EXERCISE. Task for the records below: copy exactly, and only, the line containing "All-On-X Dental Implants" and every line after it to the end, with pictures left out.

---------- DATA IN THIS EXERCISE ----------

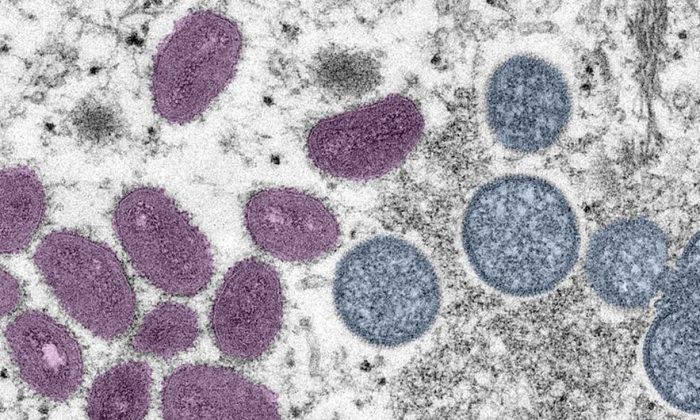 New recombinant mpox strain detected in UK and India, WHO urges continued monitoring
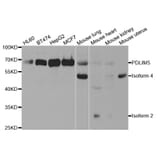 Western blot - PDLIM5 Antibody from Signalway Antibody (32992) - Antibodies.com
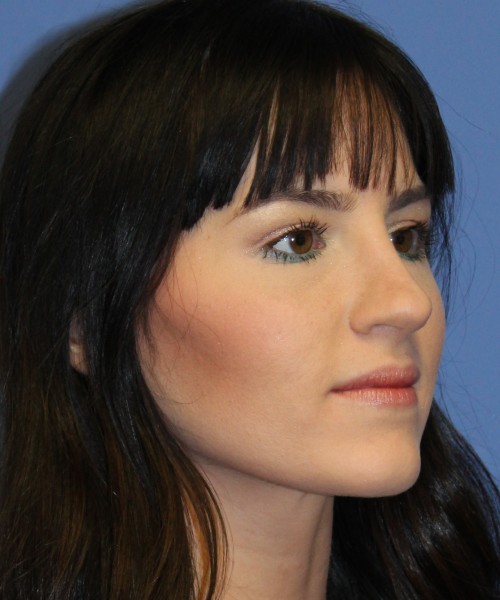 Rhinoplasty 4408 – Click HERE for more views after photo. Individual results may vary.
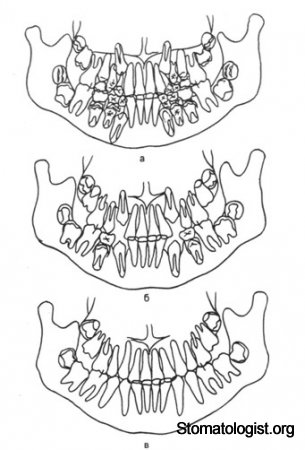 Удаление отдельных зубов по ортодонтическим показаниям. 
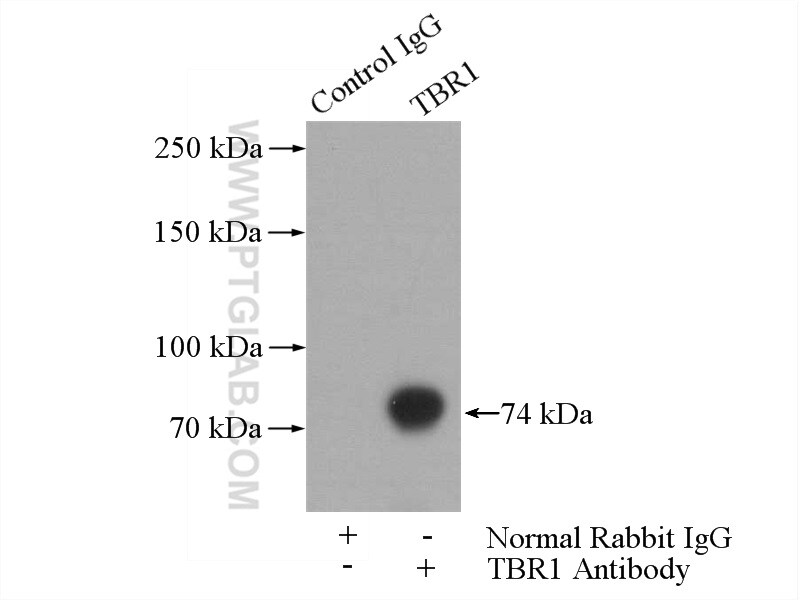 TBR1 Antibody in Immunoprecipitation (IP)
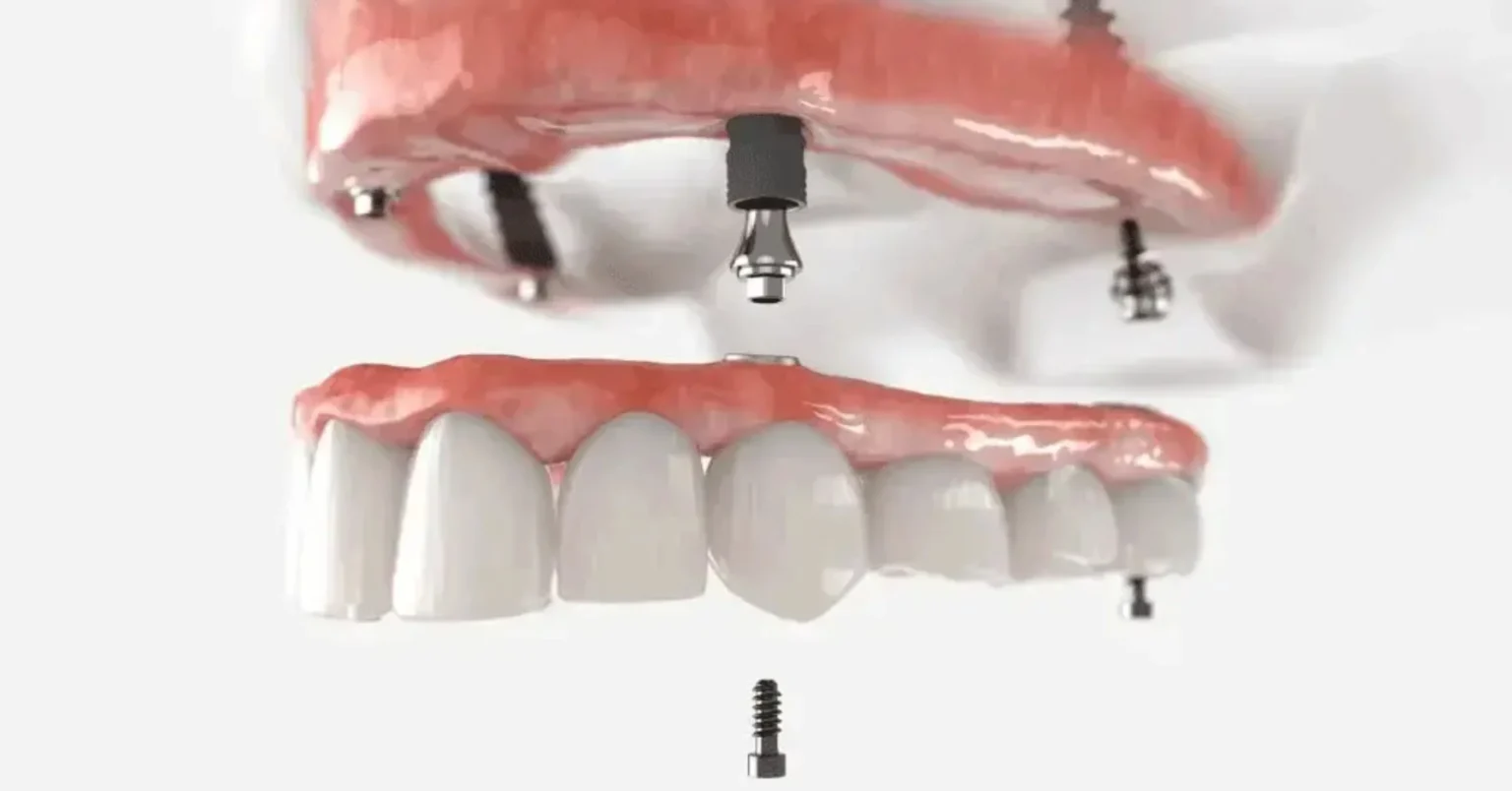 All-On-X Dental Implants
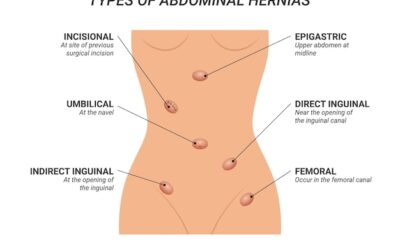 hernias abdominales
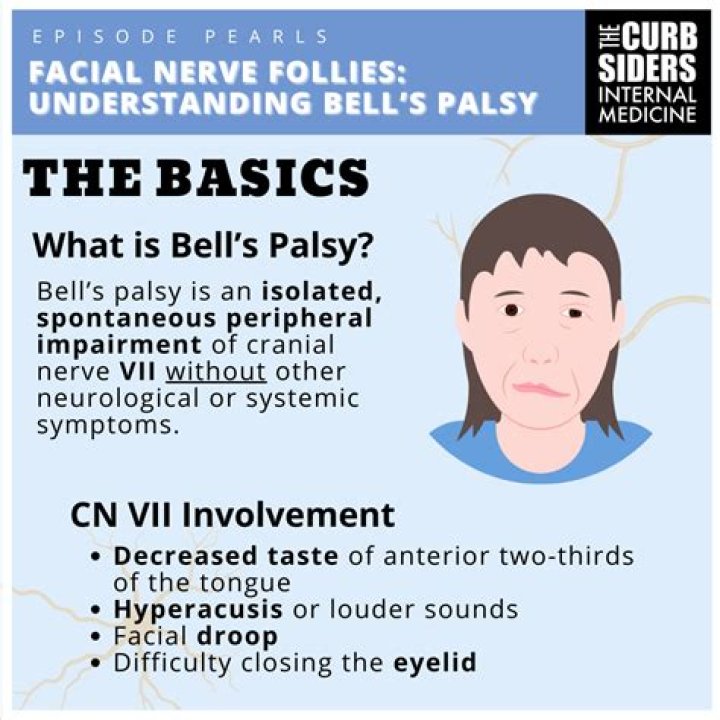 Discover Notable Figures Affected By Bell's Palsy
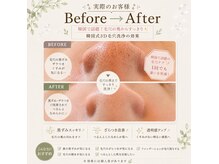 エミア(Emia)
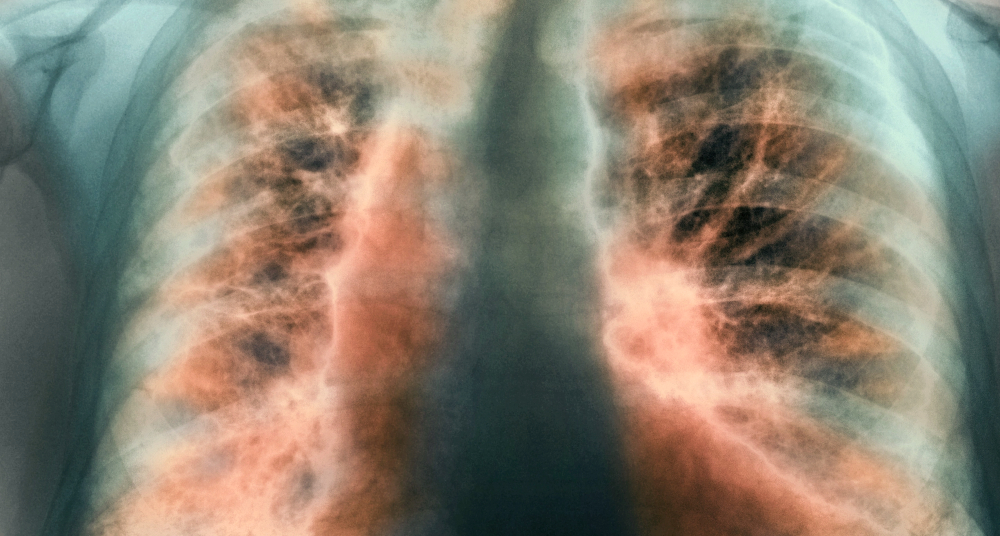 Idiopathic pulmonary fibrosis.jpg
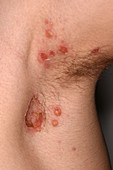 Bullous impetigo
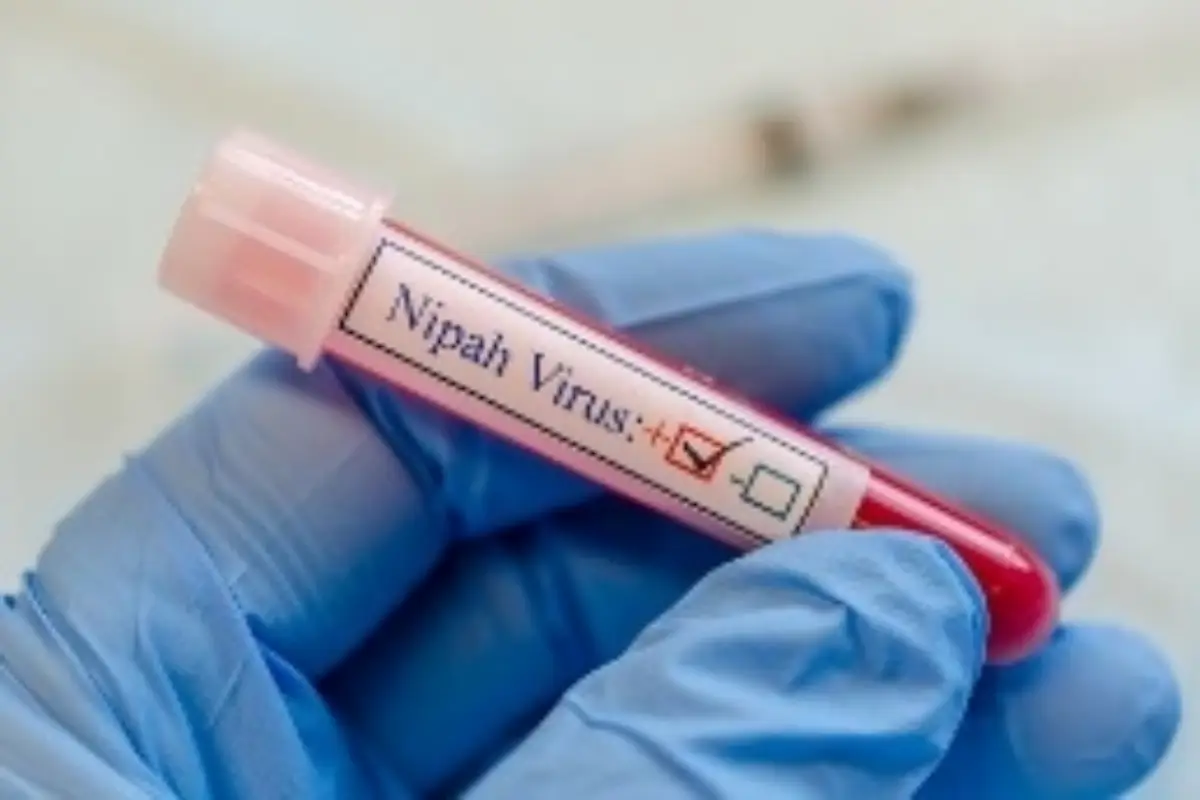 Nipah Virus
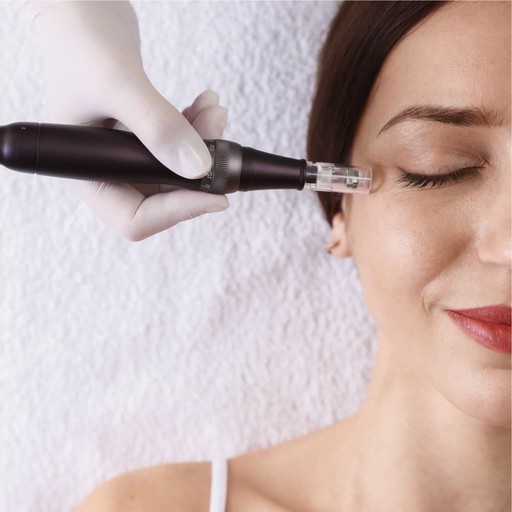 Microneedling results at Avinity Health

----------

EXERCISE RESPONSE.
 All-On-X Dental Implants
 hernias abdominales
 Discover Notable Figures Affected By Bell's Palsy
 エミア(Emia)
 Idiopathic pulmonary fibrosis.jpg
 Bullous impetigo
 Nipah Virus
 Microneedling results at Avinity Health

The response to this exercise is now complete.